--- Data in this exercise Enclosed Below ---

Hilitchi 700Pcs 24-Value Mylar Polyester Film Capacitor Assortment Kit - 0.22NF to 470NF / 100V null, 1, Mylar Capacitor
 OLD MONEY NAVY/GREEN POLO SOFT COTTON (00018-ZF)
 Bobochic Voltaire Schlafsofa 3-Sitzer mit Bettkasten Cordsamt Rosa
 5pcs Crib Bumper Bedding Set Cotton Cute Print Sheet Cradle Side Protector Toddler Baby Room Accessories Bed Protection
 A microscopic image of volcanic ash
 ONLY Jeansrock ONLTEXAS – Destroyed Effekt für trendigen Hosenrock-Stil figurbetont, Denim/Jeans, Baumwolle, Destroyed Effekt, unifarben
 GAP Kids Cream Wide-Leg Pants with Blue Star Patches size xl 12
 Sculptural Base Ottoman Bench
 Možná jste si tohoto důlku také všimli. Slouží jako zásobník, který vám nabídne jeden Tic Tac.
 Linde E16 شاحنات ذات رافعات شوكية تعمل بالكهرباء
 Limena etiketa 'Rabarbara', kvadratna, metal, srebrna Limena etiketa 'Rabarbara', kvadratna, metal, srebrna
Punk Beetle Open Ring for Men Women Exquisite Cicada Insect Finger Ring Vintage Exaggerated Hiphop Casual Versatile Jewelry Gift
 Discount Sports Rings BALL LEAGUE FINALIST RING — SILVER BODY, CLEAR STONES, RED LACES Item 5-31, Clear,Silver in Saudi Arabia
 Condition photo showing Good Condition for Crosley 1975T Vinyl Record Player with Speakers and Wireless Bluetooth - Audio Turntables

--- End of Enclosed Data in this exercise ---

Could every entry above be printed again, word for word?

* _Response area_:
Hilitchi 700Pcs 24-Value Mylar Polyester Film Capacitor Assortment Kit - 0.22NF to 470NF / 100V null, 1, Mylar Capacitor
 OLD MONEY NAVY/GREEN POLO SOFT COTTON (00018-ZF)
 Bobochic Voltaire Schlafsofa 3-Sitzer mit Bettkasten Cordsamt Rosa
 5pcs Crib Bumper Bedding Set Cotton Cute Print Sheet Cradle Side Protector Toddler Baby Room Accessories Bed Protection
 A microscopic image of volcanic ash
 ONLY Jeansrock ONLTEXAS – Destroyed Effekt für trendigen Hosenrock-Stil figurbetont, Denim/Jeans, Baumwolle, Destroyed Effekt, unifarben
 GAP Kids Cream Wide-Leg Pants with Blue Star Patches size xl 12
 Sculptural Base Ottoman Bench
 Možná jste si tohoto důlku také všimli. Slouží jako zásobník, který vám nabídne jeden Tic Tac.
 Linde E16 شاحنات ذات رافعات شوكية تعمل بالكهرباء
 Limena etiketa 'Rabarbara', kvadratna, metal, srebrna Limena etiketa 'Rabarbara', kvadratna, metal, srebrna
Punk Beetle Open Ring for Men Women Exquisite Cicada Insect Finger Ring Vintage Exaggerated Hiphop Casual Versatile Jewelry Gift
 Discount Sports Rings BALL LEAGUE FINALIST RING — SILVER BODY, CLEAR STONES, RED LACES Item 5-31, Clear,Silver in Saudi Arabia
 Condition photo showing Good Condition for Crosley 1975T Vinyl Record Player with Speakers and Wireless Bluetooth - Audio Turntables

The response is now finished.